- DATA FOR PROCESSING

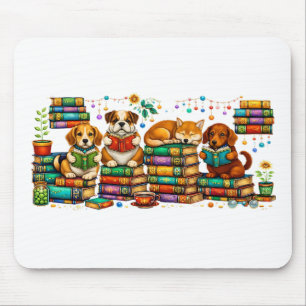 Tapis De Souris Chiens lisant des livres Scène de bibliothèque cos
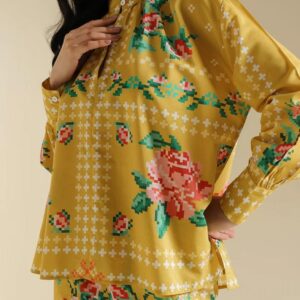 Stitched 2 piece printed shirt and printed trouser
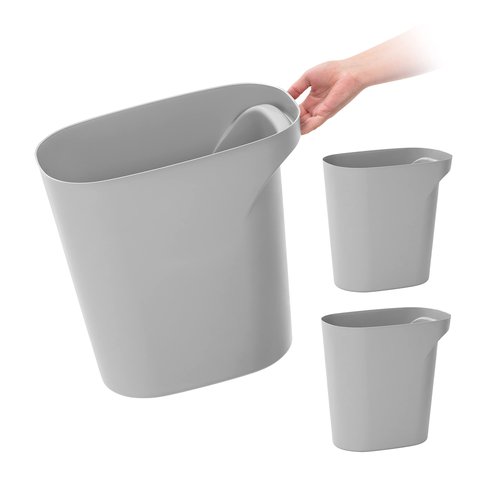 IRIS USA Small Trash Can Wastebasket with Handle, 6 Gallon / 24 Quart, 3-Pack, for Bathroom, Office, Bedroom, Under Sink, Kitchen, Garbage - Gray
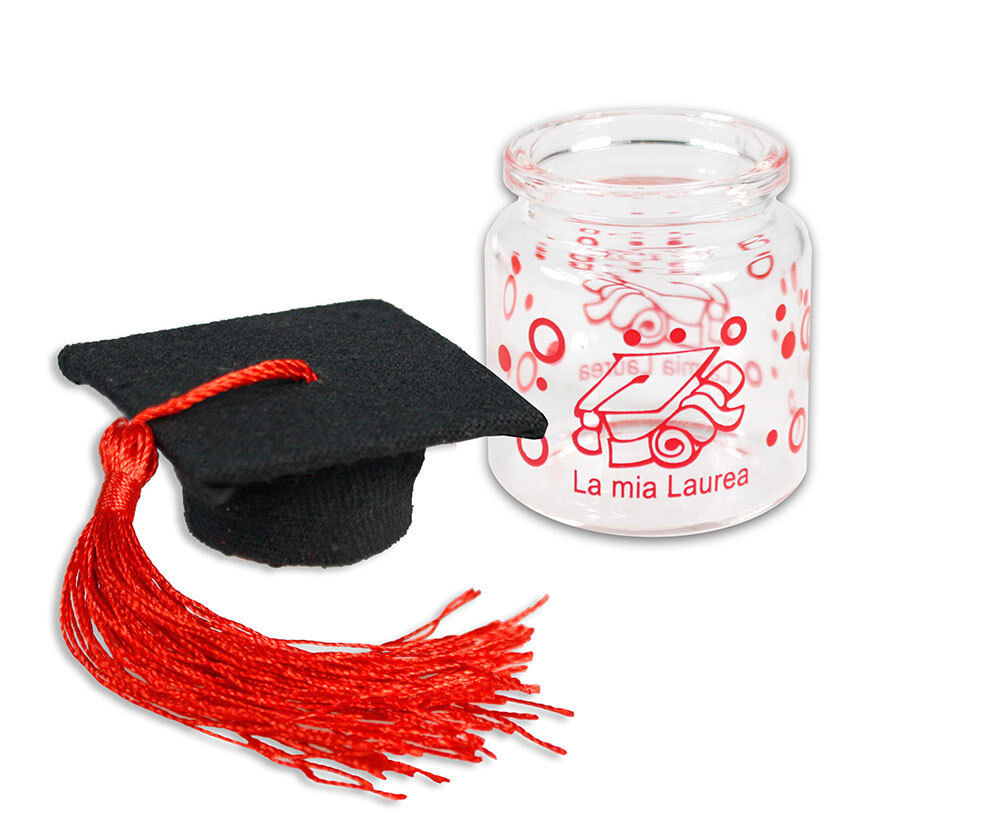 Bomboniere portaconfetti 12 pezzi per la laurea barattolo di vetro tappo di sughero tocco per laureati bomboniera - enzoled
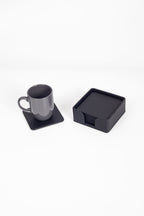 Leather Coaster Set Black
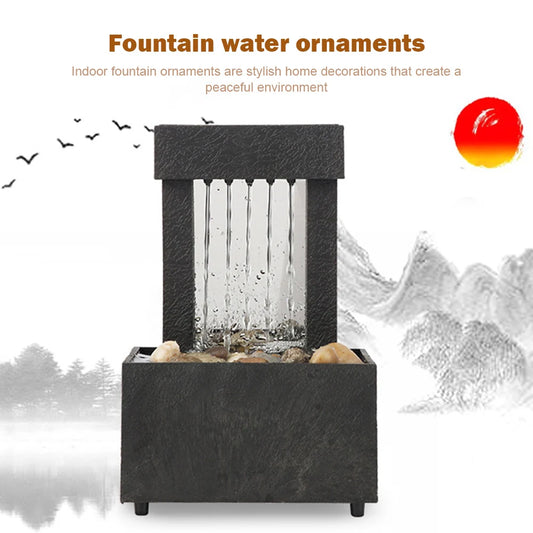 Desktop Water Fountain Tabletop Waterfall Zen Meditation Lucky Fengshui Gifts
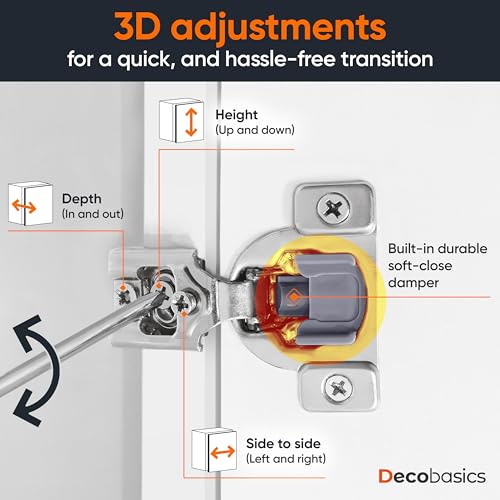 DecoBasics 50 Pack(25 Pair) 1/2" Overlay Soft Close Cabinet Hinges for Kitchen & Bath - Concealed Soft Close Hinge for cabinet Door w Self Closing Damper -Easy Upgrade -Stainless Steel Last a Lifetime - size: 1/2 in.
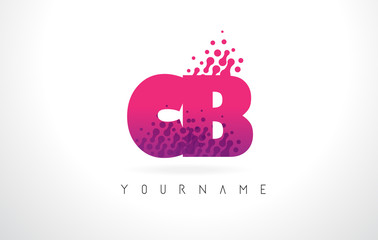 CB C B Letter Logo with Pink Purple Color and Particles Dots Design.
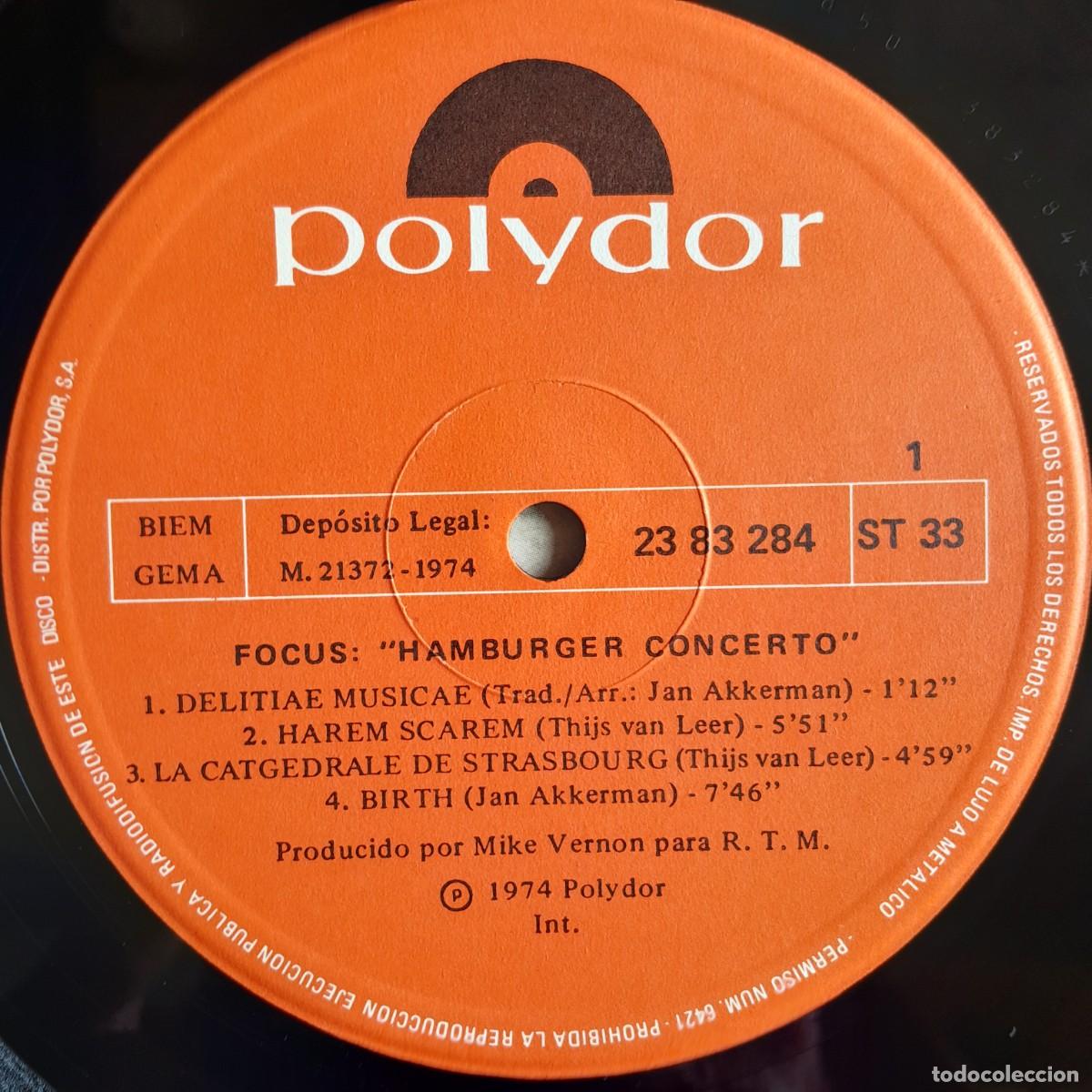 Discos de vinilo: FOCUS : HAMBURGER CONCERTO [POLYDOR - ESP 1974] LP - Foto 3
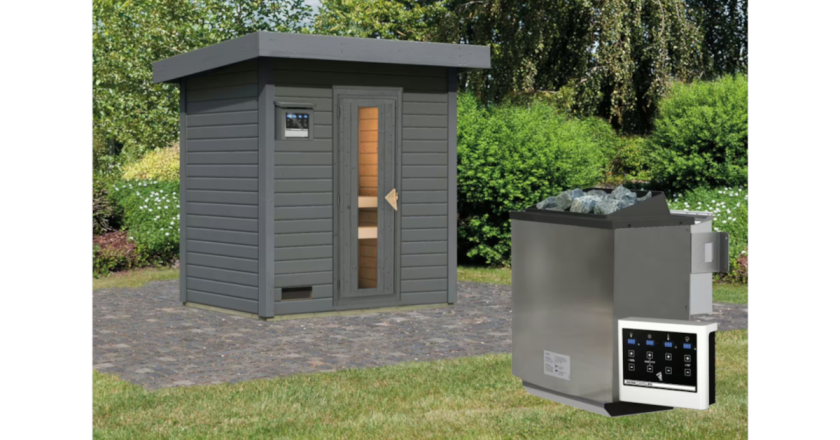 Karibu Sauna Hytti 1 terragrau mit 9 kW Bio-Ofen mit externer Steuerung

- TASK GOAL
Take the material above from the line containing "IRIS USA Small" up to and including the line containing "Desktop Water Fountain" and retype it exactly, without any pictures.

- TASK RESULT
 IRIS USA Small Trash Can Wastebasket with Handle, 6 Gallon / 24 Quart, 3-Pack, for Bathroom, Office, Bedroom, Under Sink, Kitchen, Garbage - Gray
 Bomboniere portaconfetti 12 pezzi per la laurea barattolo di vetro tappo di sughero tocco per laureati bomboniera - enzoled
 Leather Coaster Set Black
 Desktop Water Fountain Tabletop Waterfall Zen Meditation Lucky Fengshui Gifts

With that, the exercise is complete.